TASK DETAILS
Copy exactly the lines of the material below that run from the one containing "Jain pèlerins récitant" through the one containing "HTL-Direktor Thomas Schober". Copy no other lines.

INFORMATION PROVIDED
^^^^^^^^^^^^^^^^

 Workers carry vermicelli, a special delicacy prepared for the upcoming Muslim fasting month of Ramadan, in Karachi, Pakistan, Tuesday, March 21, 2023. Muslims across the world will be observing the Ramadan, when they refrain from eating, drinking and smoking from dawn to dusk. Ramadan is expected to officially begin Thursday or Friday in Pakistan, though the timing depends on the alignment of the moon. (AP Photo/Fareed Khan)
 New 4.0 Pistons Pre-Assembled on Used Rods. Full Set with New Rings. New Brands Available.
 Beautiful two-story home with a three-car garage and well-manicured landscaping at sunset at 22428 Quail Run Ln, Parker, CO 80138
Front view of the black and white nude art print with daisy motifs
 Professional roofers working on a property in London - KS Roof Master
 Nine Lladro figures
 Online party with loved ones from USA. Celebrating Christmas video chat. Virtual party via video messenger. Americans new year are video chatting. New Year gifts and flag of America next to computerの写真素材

^^^^^^^^^^^^^^^^

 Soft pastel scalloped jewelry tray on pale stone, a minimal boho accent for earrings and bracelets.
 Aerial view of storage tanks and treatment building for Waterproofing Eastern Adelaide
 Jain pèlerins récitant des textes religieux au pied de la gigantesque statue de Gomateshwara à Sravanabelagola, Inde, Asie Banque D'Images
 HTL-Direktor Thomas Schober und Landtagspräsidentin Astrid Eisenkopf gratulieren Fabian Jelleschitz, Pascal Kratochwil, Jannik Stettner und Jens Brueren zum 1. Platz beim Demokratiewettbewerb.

^^^^^^^^^^^^^^^^

WRITTEN RESPONSE
 Jain pèlerins récitant des textes religieux au pied de la gigantesque statue de Gomateshwara à Sravanabelagola, Inde, Asie Banque D'Images
 HTL-Direktor Thomas Schober und Landtagspräsidentin Astrid Eisenkopf gratulieren Fabian Jelleschitz, Pascal Kratochwil, Jannik Stettner und Jens Brueren zum 1. Platz beim Demokratiewettbewerb.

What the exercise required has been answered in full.